In an interview, Ms. Beckwith said her work will include “bringing more diversity to museum collections and exhibitions”.
Mrs. Beckwith comes to the Guggenheim while the museum is working through a difficult chapter. In 2019, the guest curator of the museum’s Jean-Michel Basquiat exhibition, Chaédria LaBouvier, accused the black woman of racist treatment at the Guggenheim.
The museum then hired its first full-time black curator, Ashley James, though the Guggenheim said the appointment was not in response to Ms. LaBouvier’s experience.
Last June, a letter signed “The Curatorial Department” called for major changes to “an unequal work environment that enables racism, white supremacy and other discriminatory practices.” In response, the Guggenheim announced a two-year plan to develop strategies for reporting discrimination and developing diversity programs.
An independent investigation in October found no evidence that Ms. LaBouvier “had suffered adverse treatment because of her race”. At the same time, the museum announced that Ms. Spector, who is white, is leaving after 34 years with the Guggenheim, pursuing other curatorial endeavors and completing her doctoral thesis. “
While some might see Ms. Beckwith as an effort by the Guggenheim to find a quick fix to the recent turmoil, Mr. Armstrong said, “It’s not about any of this.”
“It’s about the future of the institution,” he continued. “It is very promising that our employees and our board of directors are committed to this type of change. So it’s not just Naomi; It’s Namoi in concert with a large group of people. “
Mrs. Beckwith also said she did not see herself as a plaster. “I would not have taken this position if I hadn’t felt like the museum wasn’t doing the healing work that they are,” she said. “What I heard clearly from Richard is that they do the work themselves. You are simply looking for a partner for it. “
At the MCA, where Ms. Beckwith has held curatorial offices since 2011, she focused on issues of identity and multidisciplinary practices through exhibitions such as the first major survey by Afro-American artist Howardena Pindell and the legacy of the black avant-garde “The Principle of Freedom: Experiments in Art and Music, 1965 to today “and” Homebodies “. She has also developed a project with British-Nigerian sculptor Yinka Shonibare, whose work deals with race, colonialism and cultural identity.
Ms.
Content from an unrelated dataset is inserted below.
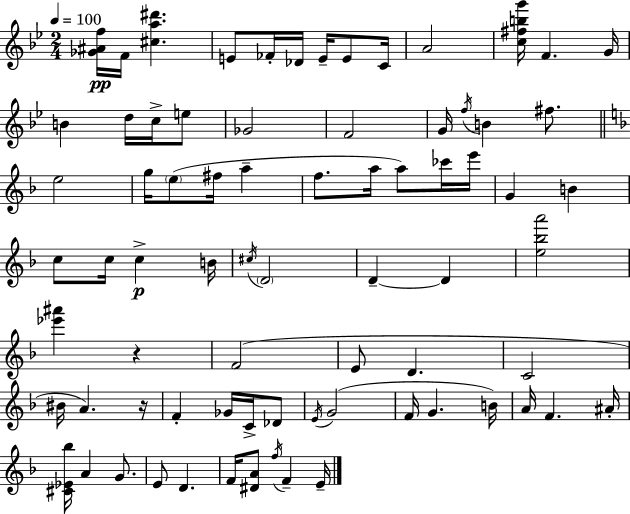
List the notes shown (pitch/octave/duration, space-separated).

[Gb4,A#4,F5]/s F4/s [C#5,A5,D#6]/q. E4/e FES4/s Db4/s E4/s E4/e C4/s A4/h [C5,F#5,B5,G6]/s F4/q. G4/s B4/q D5/s C5/s E5/e Gb4/h F4/h G4/s F5/s B4/q F#5/e. E5/h G5/s E5/e F#5/s A5/q F5/e. A5/s A5/e CES6/s E6/s G4/q B4/q C5/e C5/s C5/q B4/s C#5/s D4/h D4/q D4/q [E5,Bb5,A6]/h [Eb6,A#6]/q R/q F4/h E4/e D4/q. C4/h BIS4/s A4/q. R/s F4/q Gb4/s C4/s Db4/e E4/s G4/h F4/s G4/q. B4/s A4/s F4/q. A#4/s [C#4,Eb4,Bb5]/s A4/q G4/e. E4/e D4/q. F4/s [D#4,A4]/e F5/s F4/q E4/s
Beckwith, who received her bachelor’s degree from Northwestern University and her master’s degree from the Courtauld Institute of Art, London, was previously an associate curator at the Studio Museum in Harlem. She was a member of the jury for the Hugo Boss Prize 2020 in Guggenheim and a member of the curatorial team for “Mourning and Mourning: Art and Mourning in America”, which will open in February at the New Museum.
The museum called her “an integral part of Guggenheim’s management” in its press release and said Ms. Beckwith’s job would be to advise on global art initiatives. Partnership with the curatorial teams of the Guggenheim Museum Bilbao and the Peggy Guggenheim Collection in Venice; and cooperation on the development of the future Guggenheim in Abu Dhabi.
Ms. Beckwith said she looked forward to being part of the Guggenheim’s transformation effort. “We’re preserving art history for future audiences,” she said. “It is now clear that it is not a museum’s job to preserve art history, but rather to preserve several art histories.”